Der grafische Betrieb 2. stock süd wurde 1990 vom Bieler Andréas
Netthoevel (Jahrgang 1963) an der Gurzelenstrasse gegründet. 1995
kam Martin Gaberthüel (auch Jahrgang 1963) aus Bern als Partner
dazu. Der 2-Mann-Betrieb besticht beim ersten Hinsehen zunächst
durch seinen internationalen Ruf und eine Liste von Auszeichnungen,
die sich wie eine Aufzählung der renommiertesten Wettbewerbe auf
dem Gebiet des Grafik-Designs liest. Der Kundenkreis des 2. stock süd
setzt sich ebenfalls aus etlichen namhaften Auftraggebern privater wie
öffentlicher Hand zusammen. Um nur die wichtigsten zu nennen, gehören
die KMB und die OGB, die Schweizerische Landesbibliothek, das Bundesamt
für Statistik und einige Architekten zu ihren Auftraggebern. Auch
die Organisation des Design-Preis Schweiz vertraut bei der Gestaltung
ihres Auftrittes für 1997 auf das bewährte Team Netthoevel
& Gaberthüel. Den Ausschlag für das ensemb!e Theater der
Regionen, mit dem 2. stock süd zusammenzuarbeiten, hat allerdings
eine Ausschreibung gegeben, in der ein paar Gestalter aufgefordert wurden,
ein Konzept für das Erscheinungsbild des Städtebundtheaters
vorzustellen. Das Konzept des 2. stock süd stellt eine gelungene
Synthese aus modernen Stilelementen dar, die so behutsam ausgewählt
und entworfen wurden, dass sie nicht der Erosion einer schnelllebigen
Zeit anheimfallen, sondern lange bestehen können.

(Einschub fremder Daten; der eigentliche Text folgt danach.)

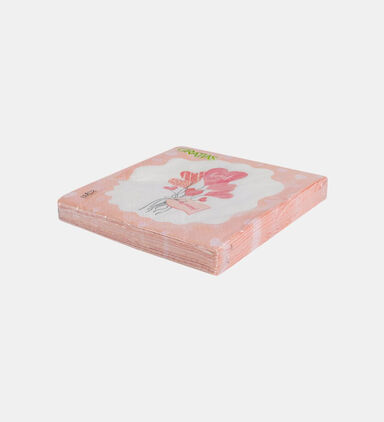 Bird Theme Napkins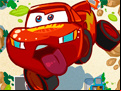 Juego Cars Traffic Control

Honoriert wurde
diese Vorgehensweise in diesem Frühjahr vom schweizerischen Art
Directors Club und dem Type Directors Club New York, welche beide das
neue Erscheinungsbild (Logotype, das daraus entstehende Signet und deren
Anwendungen) ausgezeichnet haben. Zusätzlich wurden vom Art Directors
Club New York die Programmhefte (juriert wurden ca 15.000 Arbeiten aus
der ganzen Welt) geehrt. Im folgenden beantworten die beiden Grafiker
ein paar Fragen zu den Punkten Arbeitsweise, Sponsoring und auch Kultur
und Grafik-Design.
ensemb!e: zunächst herzliche gratulation zu ihren diesjährigen
erfolgen bei den diversen nationalen und internationalen grafik-design
wettbewerben, welche ihr mit dem neuen erscheinungsbild des theaters erzielt
habt. was mag den ausschlag für diese ehrungen gegeben haben?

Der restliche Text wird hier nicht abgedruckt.